Abandoned by all and sentenced to death by the Senate, he is beset by visions of the massacres he ordered. He flees with Epaphroditus seeking refuge at the villa of the freedman Faonte. Discovered and chased into the woods together with Epaphroditus, he kills himself with his sword.

==Cast==
- Alberto Capozzi as Nerone
- Lydia De Roberti as Poppea
- Mirra Principi as Claudia Octavia
- Luigi Maggi as Epaphroditus
- Ernesto Vaser as a Senator / a Man in the crowd
- Ercole Vaser as a Spy
- Serafino Vite as a Man in the crowd
- Leo Ragusi as a Man in the crowd
- Paolo Azzurri as a Senator

==Reception==
The film was a success both in Italy and on foreign markets. Nearly 300 copies were sold abroad at the time of the original release.

The scene where Nero is beset by bad conscience, having a vision of the Christians he had sent to martyrdom (shown by a red-toned double exposure shot), had a strong impact on the audience. The reviewer for the Moving Picture World wrote on 6 November 1909 that the film possessed "such a marvellous realism of affect that as we sat and watched this colored part of the film, we seemed, as it were, to hear the cries of the victims".
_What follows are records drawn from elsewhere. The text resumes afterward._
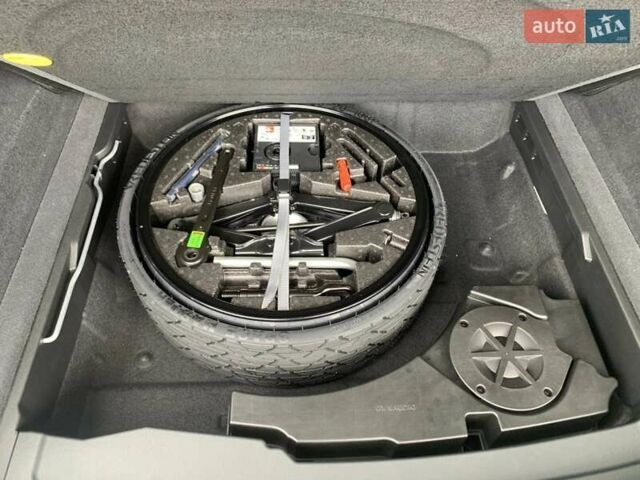 Бежевый Фольксваген Туарег, объемом двигателя 2.97 л и пробегом 27 тыс. км за 77000 $, фото 39 на Automoto.ua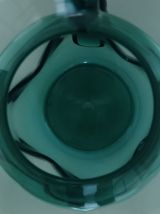 Carafe en verre soufflé turquoise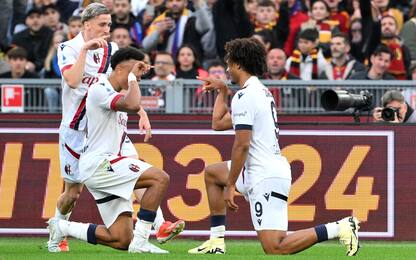 Il Bologna passa a Roma 3-1: Champions a un passo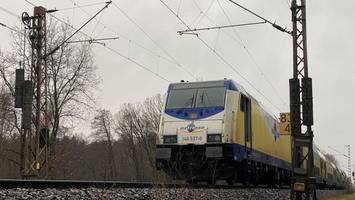 starker rauch im zug: reisende schlagen scheiben ein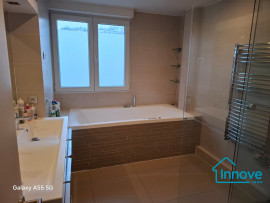 
                                                                                        Vente
                                                                                         Duplex avec Rooftop et vue d'exception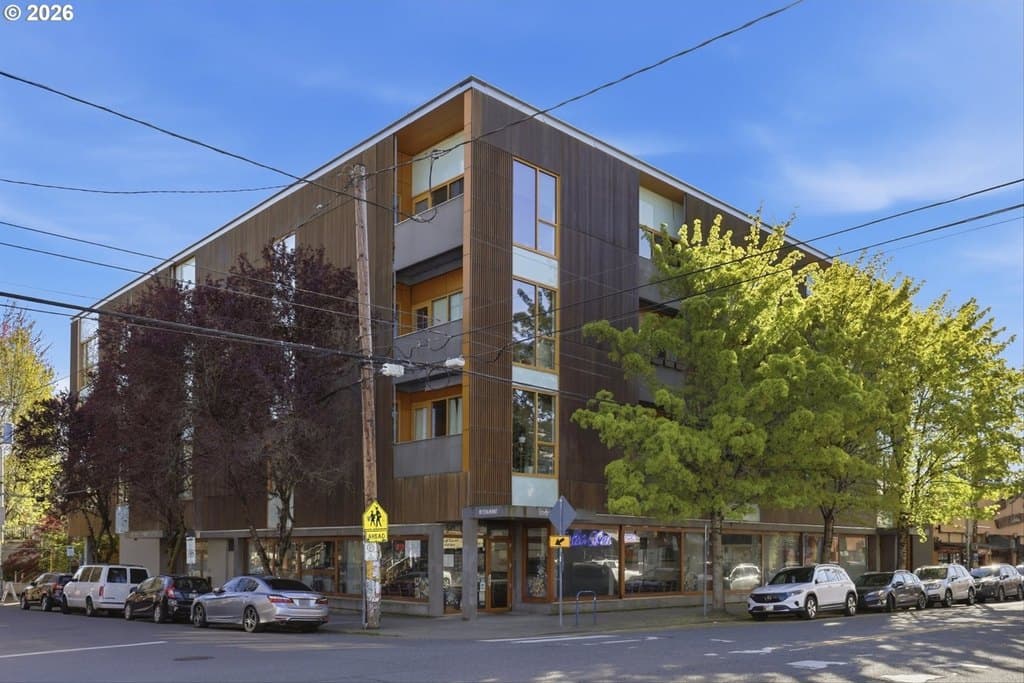 915 SE 35th Ave Apt 205, Portland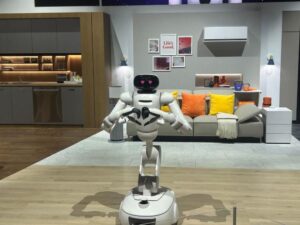 Robot CLOid mới của LG làm việc nhà, nhưng còn nhiều nghi vấn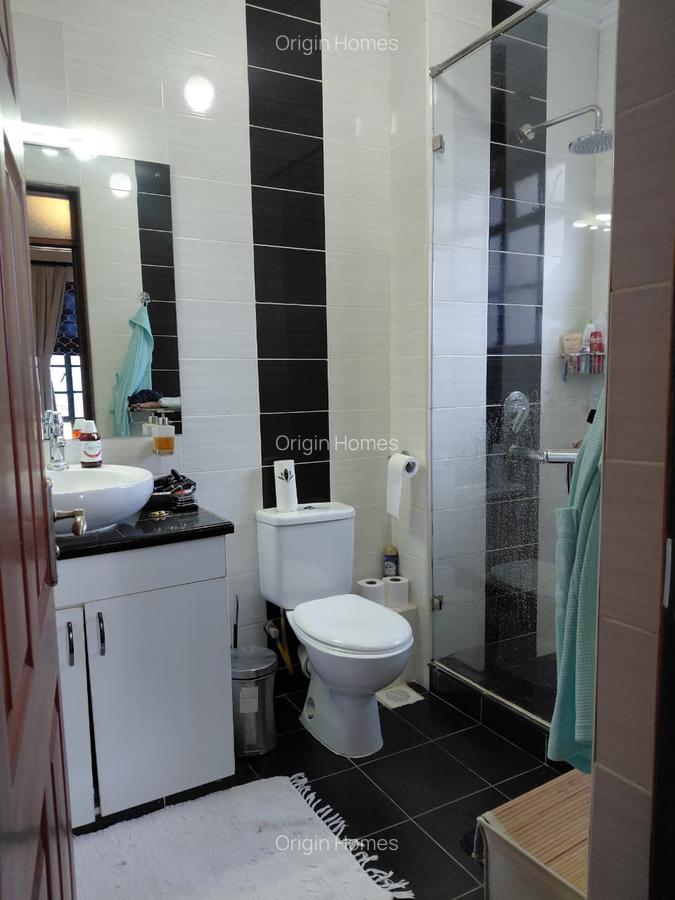 Serviced 2 Bed Apartment with En Suite in Westlands Area - 9
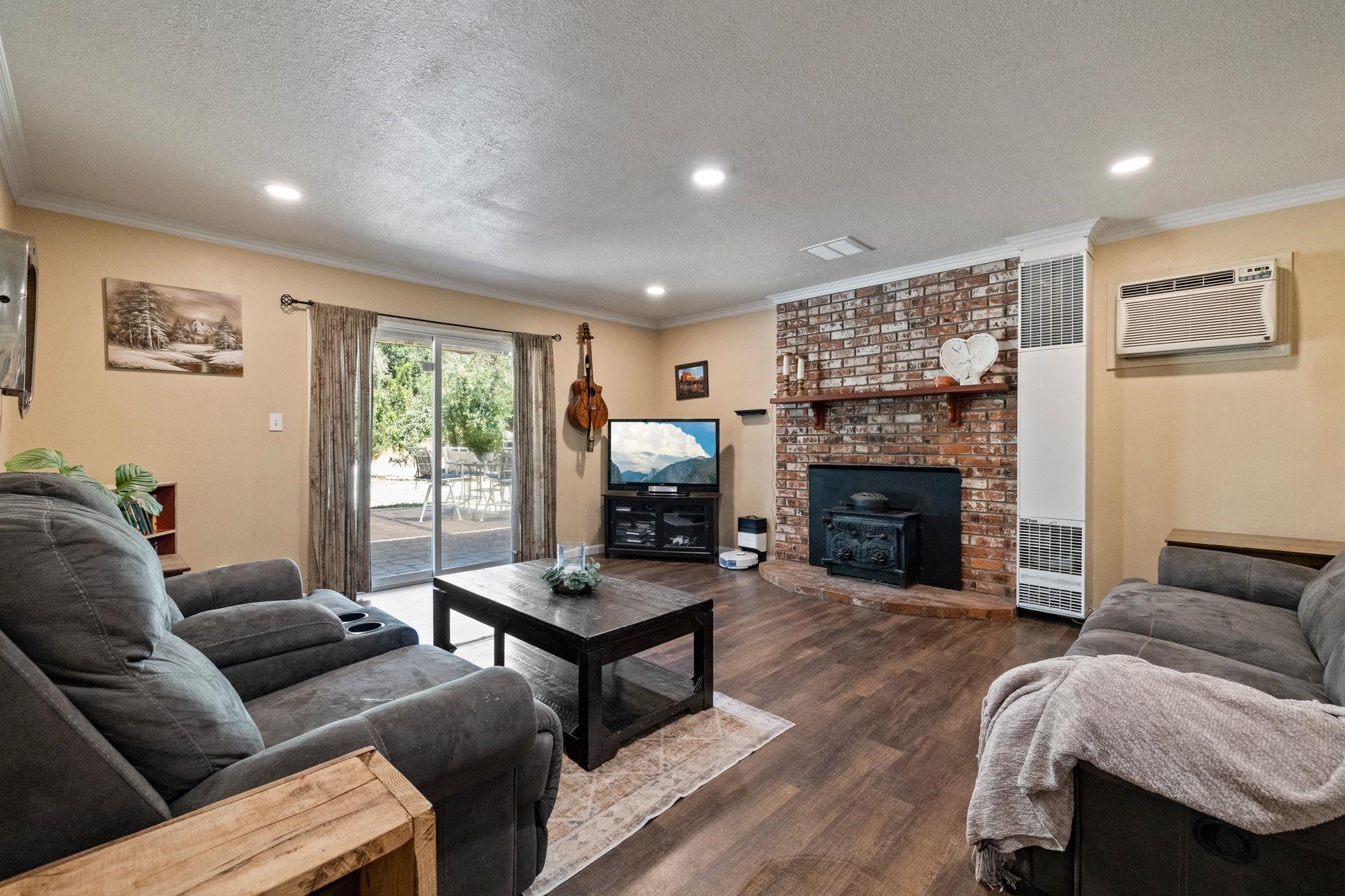 Detail Gallery Image 4 of 29 For 20369 E Walnut Dr, Sonora,  CA 95370 - 3 Beds | 2 Baths
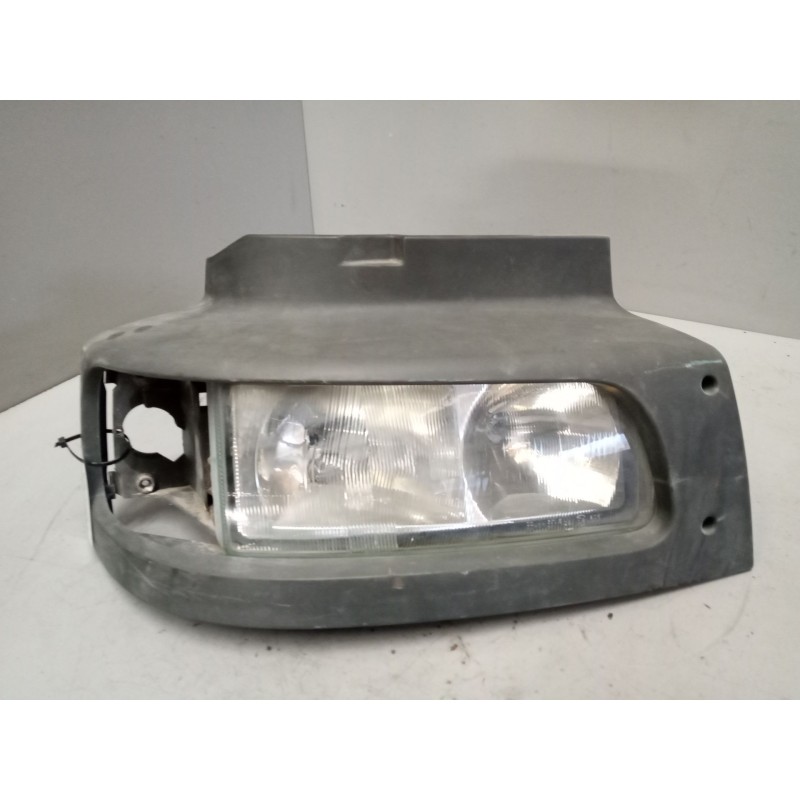 Recambio de faro derecho para renault midlum fg xxx.10    e4 cabina doble referencia OEM IAM 50104689981  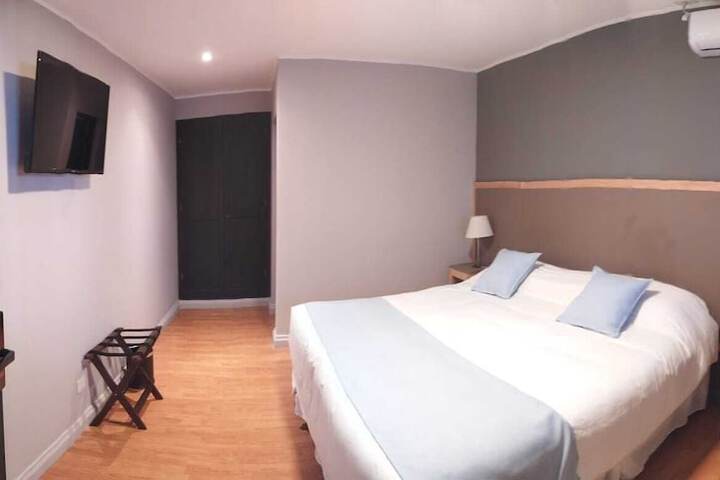 Room 2 of 6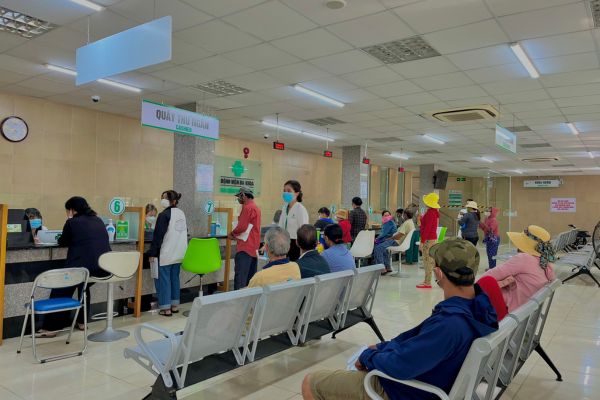 Bị bump lỗ xỏ nên ghé shop xỏ khuyên hay bệnh viện?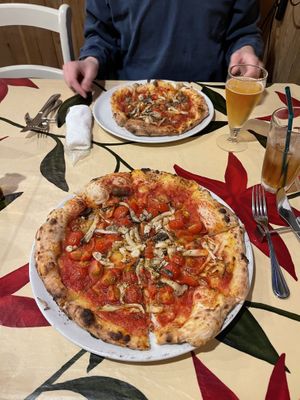 Pizza marinara vegan   at Pizza Verde in Matsumoto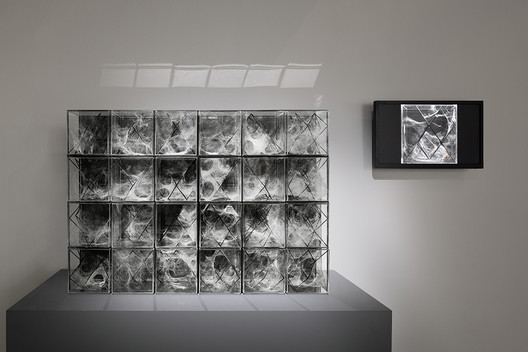Centre Pompidou hosts Living Sculptures investigating Life in a Digital Age Centre Pompidou hosts Living Sculptures investigating Life in a Digital Age - Image 4 of 17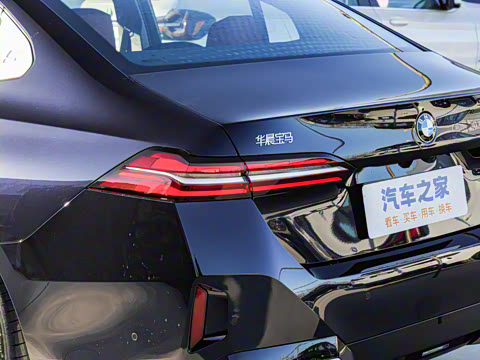 2025�� 530Li ������ M�˶���װ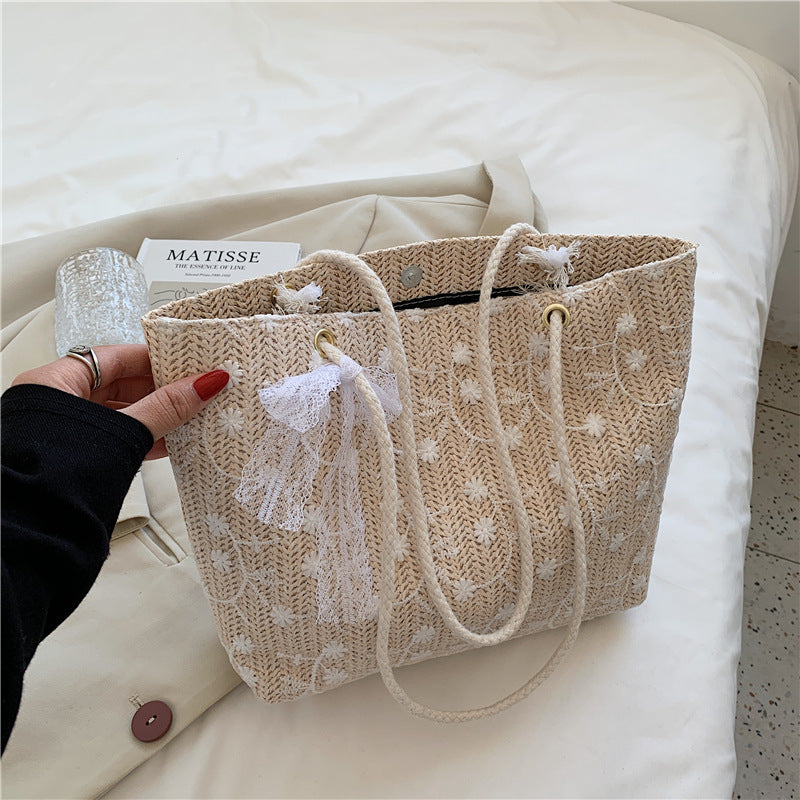 New Korean Style Women's Tote Straw Lace Embroidered Shoulder Bag Large Capacity Fashion Bucket Bag Women's Everyday Joker Handbag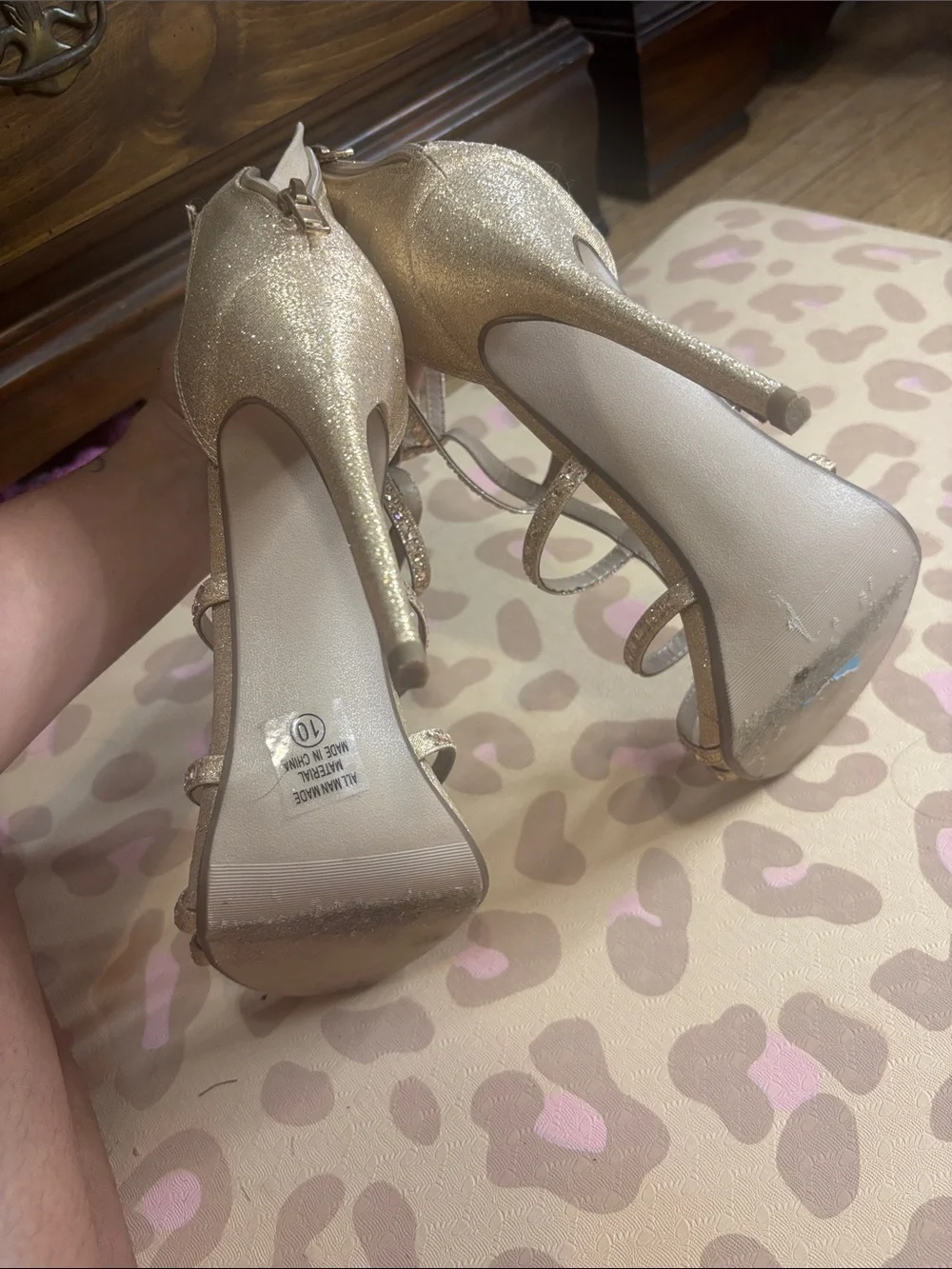 Women's Strappy Glitter T-Strap Heels in Rose Gold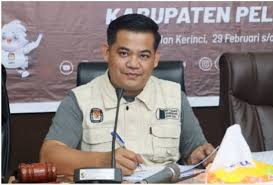 Ketua KPU Pelalawan, Bapri Naldi (foto/int)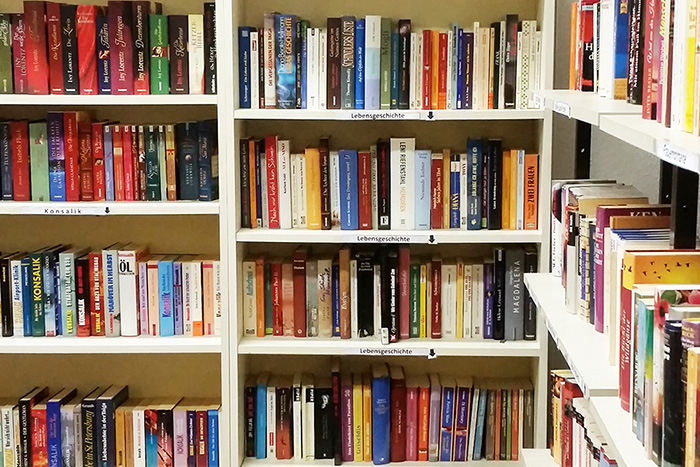 Bibliothek, Raumecke mit Bücherregal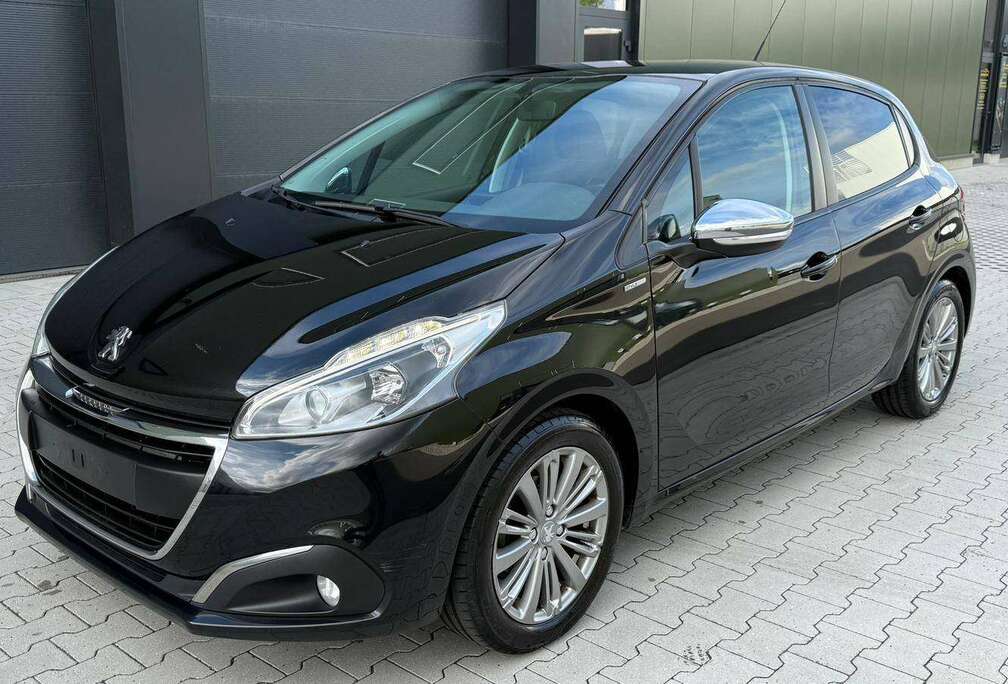 Peugeot 1.2 PureTech Style Edition 2018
The film received the First Prize at the first edition of the World Competition of Cinematography in Milan
(Primo Concorso Mondiale di Cinematografia di Milano).

A parody of Nero, Tontolini Nerone, was released in 1910.

==Analysis==
The film is composed of 13 one shot scenes, with 6 intertitles. It is characterised by lavish sets and costumes and a cinematography which is still very close to theatre representation, with a succession of tableaux vivants filmed by a static frontal camera. All but two sets are indoors sets very similar to theatre sets including painted backdrops giving an illusion of perspective. Two shots are filmed outdoors in a garden.

Maria Wyke mentions Nero as "one of the first tentative experiments in the screening of Roman history made by an Italian production house", remarking that it bases its plot on "a vastly condensed synthesis of the Italian dramatic tradition for Nero - from grandiose production of Claudio Monteverdi's opera L'incoronazione di Poppea (first performed in 1642) to recent stagings of Pietro Cossa's popular tragedy Nerone". Regarding the cinematographic style, she writes: "Highly dependent still on the conventions of the Italian stage, almost every scene of Nerone (...) operates as a self-contained unit within which the actors playing Nero, Octavia or Poppea, planted before papier mâché backdrops and facing their unseen film audience, gesture majestically". Only the scene mentioned above on Nero's vision is regarded as a "celebration of the innovatory powers of cinema".